Changes urged in jail's cash-handling policy

October 16, 1994|By Erik Nelson | Erik Nelson,Sun Staff Writer

After learning that a county corrections officer took a prisoner's money from a cash box at the county jail and returned it two weeks later, the county auditor has urged corrections officials to change the jail's system of keeping prisoners' money.

A county auditor's report on the the inmates' cash account, presented to County Council members Friday, showed that a corrections officer "was not following established policy and procedure" from Jan. 24 to Feb. 5 when he kept $150 that a prisoner's family had left at the jail.

Corrections officials investigated the incident when the prisoner said money was missing from his jail account, said County Corrections Director James N. Rollins.

"Basically, when we went to investigate and I questioned [the officer] about the lapse in time, he did not answer the question and chose to resign," said Mr. Rollins.

The director said he could not release the name of the officer because personnel records are confidential. He said no further action was taken against the staff member.

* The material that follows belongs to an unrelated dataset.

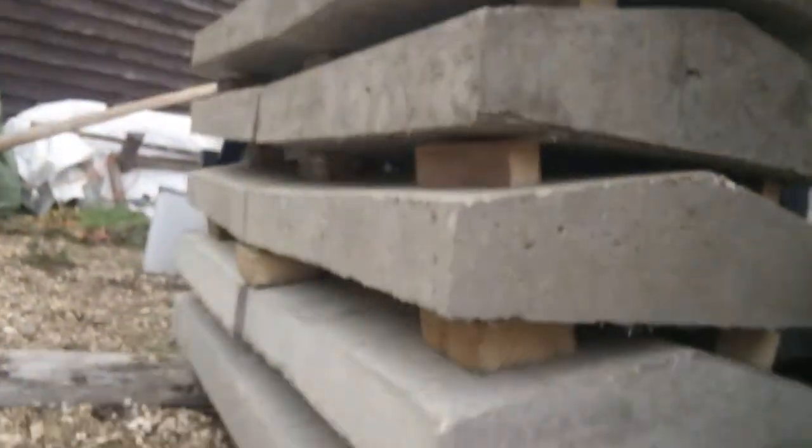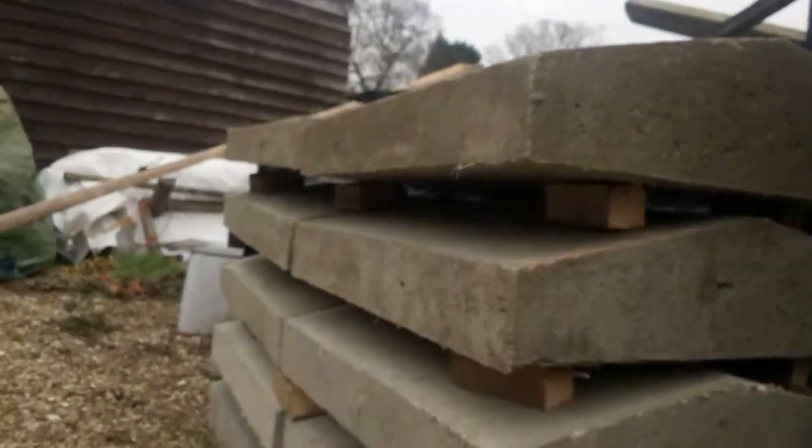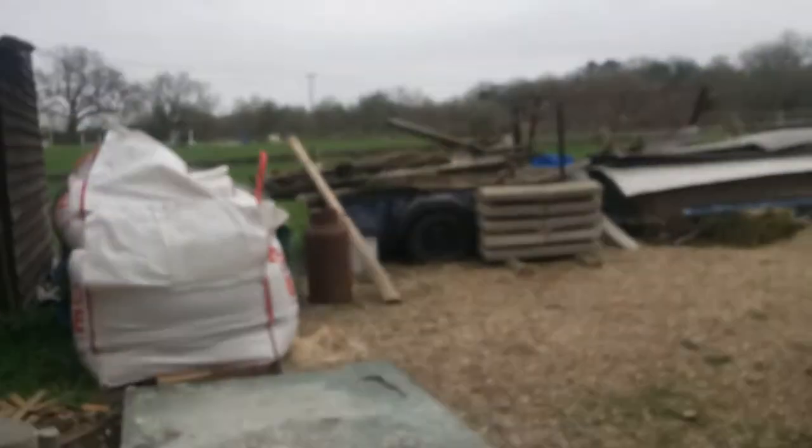These are coping stones — some that I cast earlier in the past few weeks. They're made out of concrete and they're there to go on top of this wall, which is about 300 yards long. It goes all around the garden of the house.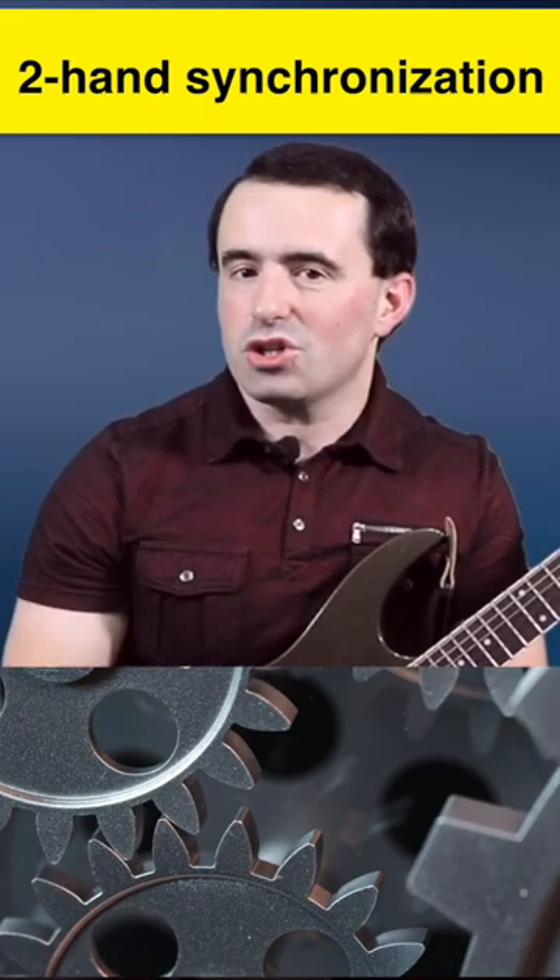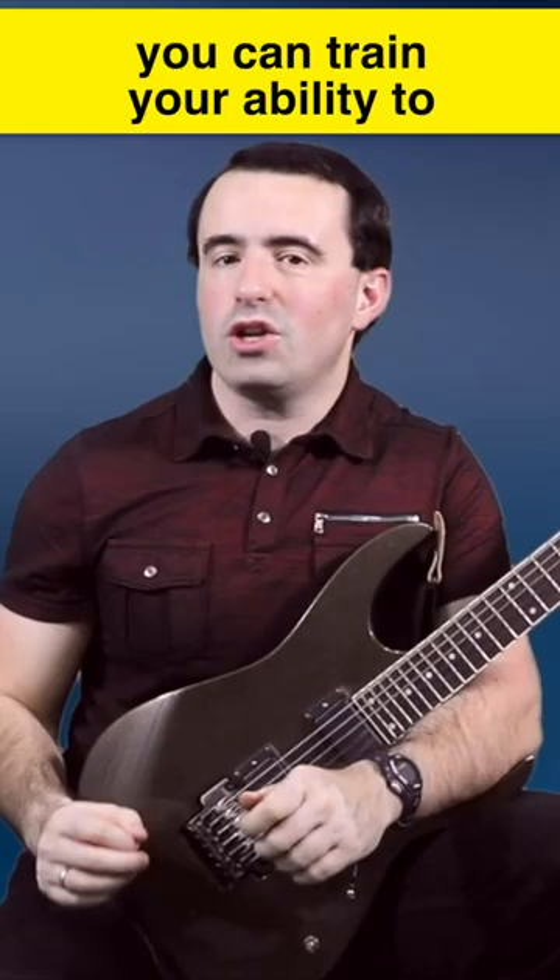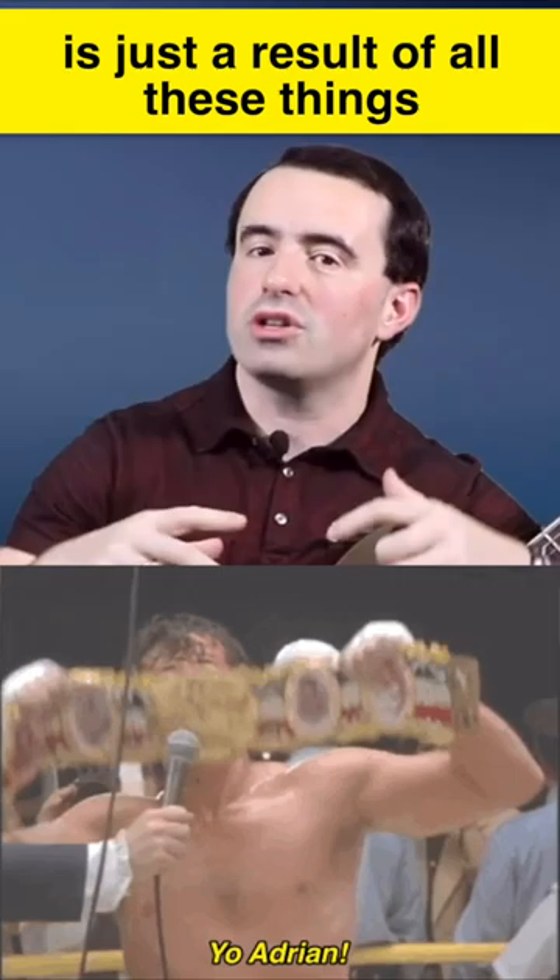You can train tension control, you can train your timing, you can train your ability to hear notes at higher tempos. But speed itself is just a result of all those things coming together. So if you think about it, anything you practice can be used to build your guitar speed.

The report said officials also suspected the officer was "withholding cash received on weekends . . . from other accounts instead of placing them in the cash box as required."

But Mr. Rollins said the department's internal investigation did not support the suspicion of other unauthorized borrowing by the employee.

The jail's practice of keeping the weekend receipts -- usually in the $1,200 to $1,400 range -- stored in the cash box all weekend until the money was deposited at a local bank on Monday allowed the problem to occur, according to the report.

"He was putting the money back," said county Auditor Ronald S. Weinstein in his presentation to council members, "but this time, he didn't put it back soon enough."

After the department's internal audit, county administration officials asked the county auditor to review the inmate cash account.

An audit that began in March and was completed last month included surprise cash counts and sampling of cash receipts and payouts to inmates. It found that all cash could be accounted for and that department policy governing the account was followed, with few exceptions.

The audit report said, however, that with the expansion of the jail and its resulting increase in inmate population, more safeguards for the account will be needed.

One of the auditors' main recommendations -- using the bank's night depository at the end of weekend days rather than keeping the money all weekend to make a deposit -- already has been implemented, Mr. Rollins said.

Auditors also recommended that the account, which is now kept manually in a ledger, be computerized. That would cut record-keeping time, increase accuracy and aid in such tasks as reconciling bank statements and generating reports on the account, they said.